Se unió a nosotros con un vínculo eterno

Juan Pablo segundo
San Juan Pablo II, homilía en la Solemnidad del Sagrado Corazón de Jesús en el policlínico Gemeli(Roma)

Toda la Iglesia se reúne hoy, al celebrar el Sagrado Corazón de Jesús, como animada por el deseo de obedecer a las palabras del profeta Isaías: «Sacaréis agua con alegría de las fuentes de la salvación» y «dad gracias al Señor e invocad Su Nombre, proclamad sus obras entre los pueblos» (Is 12,3-4).
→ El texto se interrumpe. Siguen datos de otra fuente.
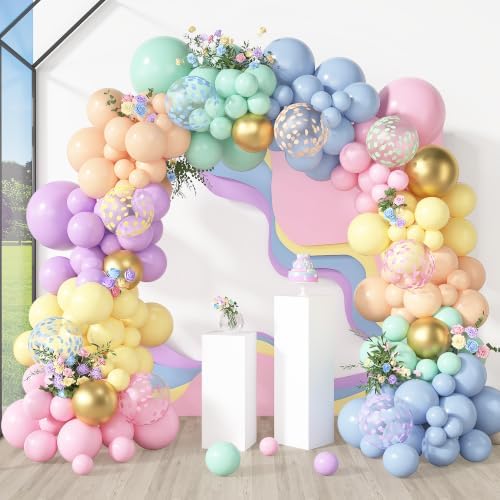Amandir 164PCS Pastel Rainbow Balloon Garland Kit - Image 2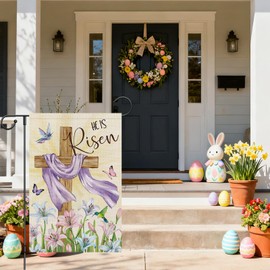 Heyfibro He is Risen Easter Wooden Cross Garden Flag 12x18 Double Sided Burlap, Lily Flower Hummingbird Butterfly Yard Banner for Holiday Farmhouse Jesus Religious Outdoor Decor(ONLY FLAG)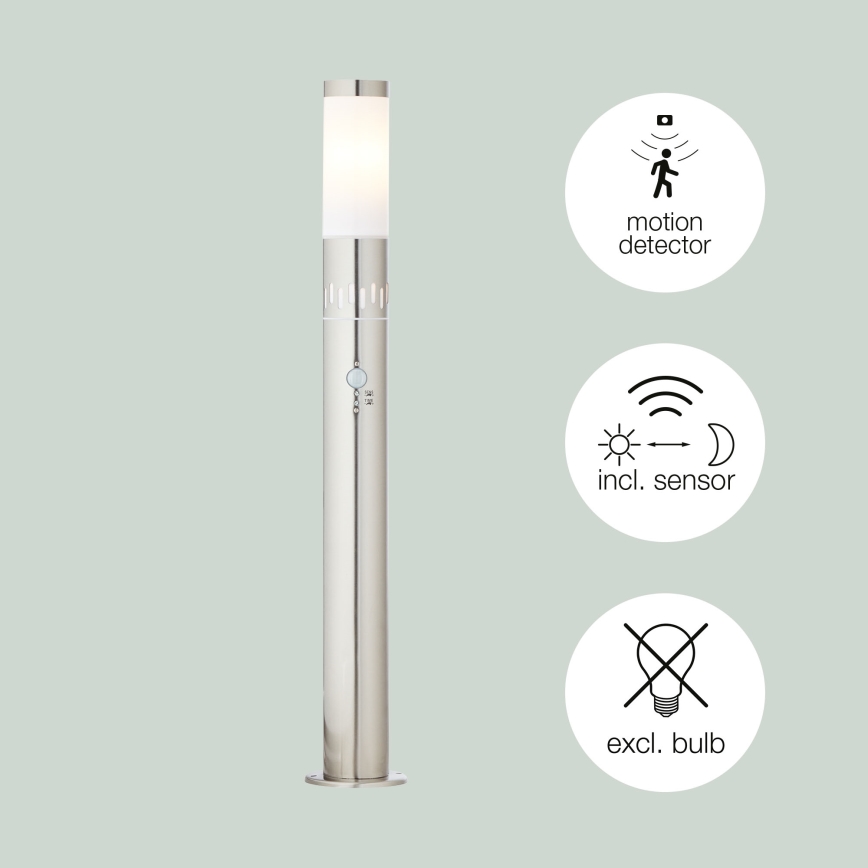 Brilliant - LED Venkovní lampa se senzorem LEIGH LED/0,9W/230V + 1xE27/11W 80 cm IP44 lesklý chrom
Estamos reunidos en esta Celebración Eucarística para saciar nuestra sed con el Sagrado Corazón y para proclamar la obra de nuestra Salvación, contenida en este Corazón. En verdad, el corazón humano, cuya imagen es de por sí símbolo de amor, en Cristo se ha hecho el compendio real del Amor de Dios por los hombres. Amor que, frente a la indiferencia de Israel, llega a decir: «Mi corazón se conmueve dentro de mí y se enciende toda mi ternura» (Os 11,8); Amor que supera toda nuestra capacidad de bien y de comprensión, hasta llegar a afirmar frente al rechazo: «No desfogaré el ardor de mi ira […] porque soy Dios y no hombre« (Os 11,9).

El Corazón de Cristo, no obstante, no sólo «simboliza«, como una metáfora el Amor de Dios, sino que es su concreta y perfecta realización, la Presencia misma, viva y vivificadora. La Iglesia no celebra un amor genérico e indefinido, ni solamente alaba las obras que Dios ha realizado por nosotros, como si fueran un recuerdo lejano del cual nos beneficiamos, y menos aún promueve un malentendido sentimentalismo, al cual cierta cultura laicista quisiera reducir el precioso sentido de la devoción cristiana. La Iglesia, más bien, adora el Sagrado Corazón. Adora el Corazón de la Santísima Humanidad de Jesús, que hipostáticamente unido a la Persona del Verbo divino, es destinatario «legítimo» del culto de latría.

Delante del Corazón de Jesús, por tanto, la Iglesia dobla sus rodillas y en Él contempla al Dios-con-nosotros, el cual, no contento con llamar y educar a los hombres por medio de la voz de los profetas, Él mismo se ha hecho «hombre» en el seno de María, nos ha amado con un amor todo divino y todo humano, y ha tomado sobre sí nuestro pecado, derramando a cambio toda su Sangre.

La Iglesia, además, adora y contempla el Sagrado Corazón de Jesús como su propio Corazón, puesto que Ella, con Cristo –como diría Santo Tomás- forma una Mystica Persona. En efecto, en virtud del Bautismo y de la Confirmación, al Corazón de Cristo está íntimamente unido todo cristiano, llamado así a conformar el propio corazón a este Principio de Amor que arde en Él y que, con la oración y la recepción de los sacramentos, con la escucha de la palabra de Verdad y las buenas obras, que Dios nos da para que las hagamos, llegará a impregnar, purificar e iluminar siempre más toda su persona.

De manera muy especial, todos los sacerdotes están unidos al Sacratísimo Corazón de Jesús. Ellos, como gustaba decir al Santo Cura de Ars, son «partícipes del Amor del Corazón de Jesús», puesto que es su Amor Sacerdotal el que ellos hacen presente, sobre todo con la celebración eucarística y administrando la Misericordia infinita, que desborda de este Corazón.

Profundizando siempre más en la intimidad con Cristo, ellos son llamados a querer lo que Él quiere, a tener sus mismos sentimientos, su misma caridad pastoral, llegando a sufrir sinceramente por la falta de correspondencia de los hombres al Amor, a interceder incesantemente por ellos y a ofrecer la propia vida en un acto de continua reparación.

Por esta razón, la Iglesia Universal coloca en esta Solemnidad la Jornada Mundial de Oración por la santificación del Clero, consciente de que, rezando por la santidad de sus sacerdotes, Ella obtendrá frutos de santidad también para todos los fieles, que reciben de las manos y de los labios de los ministros sagrados los medios indispensables de salvación, la verdad evangélica, el mismo Cristo Señor.

Recemos, pues, con fe sincera, sabiendo que nos precede y acompaña Aquella que es la Estrella de la Mañana, la que ha adelantado al Sol que saldría de su seno Purísimo y que ahora espera, como nuestra verdadera Madre, nuestro nacer con Cristo a la Vida eterna. Su Corazón Inmaculado interceda incesantemente por nosotros, ahora y en la hora de nuestra muerte. Amén.